Her eyes glaze over. Her muscles relax. Her head cracks against the tile as she goes limp. The empty syringe slips from her hand and rolls away, coming to rest against the leg of a nearby stool. She dies in the mere seconds it takes Dynara to cross the space between them.
Dynara stops, half-stooped over Lana’s body, hands reaching out and aching to rewind time, to get a second chance at preventing this catastrophe. A hushed moment passes, and she reverts to the Dynara we all know and loathe. She nudges the remains of the syringe swimming in the blood and flesh of Lana’s left hand while eying the second, intact one. “Well, this sucks. Whoever is pulling the strings behind these people is a fanatical figurehead. Training his soldiers to die rather than surrender. To destroy themselves rather than reveal him. Using fear to make his puppets move about. He’s the most important thing in this whole operation. Him, or whatever radical notion he stands for.”
Something clicks behind me, and I crane my stiff neck to find a flock of EDPA Security agents aiming their guns at my rear end. “Whoa, fellas! Not the bad guy.” The door is lifted off my shoulder, and when I turn to face the suicide cha
mber again, my vision is blocked by close to seven feet of Murrough, who’s looking out into the hallway with a seething glare.
“The hell are you fools doing? Get a medical team in here.” The army devolves into a mass of bumbling idiots all trying to call in the same commands to the same people at the same time on their ear-coms, and Murrough growls through his teeth. “Never mind! I’ll do it. Get back to your stations.”
A chorus of Yes, sir is followed by their panicked flight off to wherever they rushed here from without a plan of action to deal with what could have been a deadly shooter. “Did they receive training,” I say, “or do you people just give everyone a gun?”
Murrough takes the question personally, his grip tightening on the door. “They receive plenty training.” A vague murmur wafts through my memory: Dynara’s chipper voice proclaiming, Murrough is head of Security, after her, Jin, and I called a truce to scarf down some delicious delivery pizza during my abridged hospital stay.
“I didn’t mean that as an affront to you.

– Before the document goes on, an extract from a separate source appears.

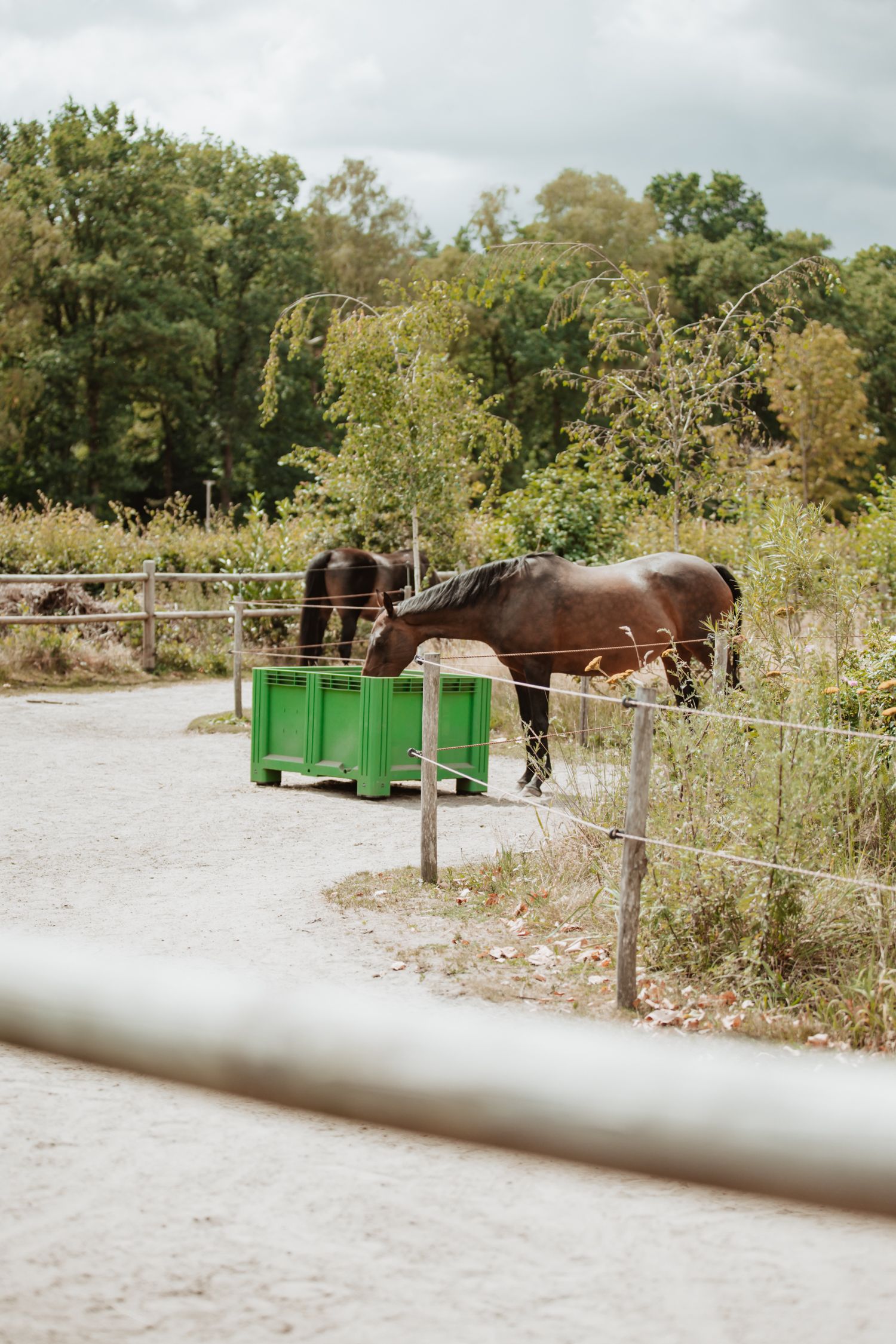A dark brown horse eating from green feeding bins behind a wire fence in a sandy paddock surrounded by trees.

I swear.”
He towers over me, and I picture any attempt at flight being swiftly cut off by his free hand wrapping around my throat and squeezing with enough force to make my brain leak out through my ears. But he only grunts in response before clearing the way for me to reenter the room, where Dynara is examining the lucky syringe.
“Potent poison,” she says. “That was, what, a ten-second kill, Murrough?’
“There about.”
“I know sixteen nano-chemical combos off the top of my head that have similar kill times. All of them rare. All of them illegal. All of them far more expensive than any average-Joe terrorist or criminal mastermind can afford.”
“So,” I say, “we’re dealing with a super-rich, super-smart, super-persuasive criminal with no known motives or goals. And we have zero leads on how to find him?”
“Looks that way.” Dynara sets the syringe on the counter and steps closer to Lana’s body, turning the friendly doctor’s head until her blank eyes hit the ceiling. The poison from the broken syringe and the blood from her injured hand have mingled to create a volatile orange mixture that clings to her cheek. The image takes me back in time. A tired woman with orange face paint stares longingly at the dance floor. She wants to get away from her strenuous life. She wants someone to help her get away. She is not distressed, only fatigued, but she wants someone to rescue her nonetheless.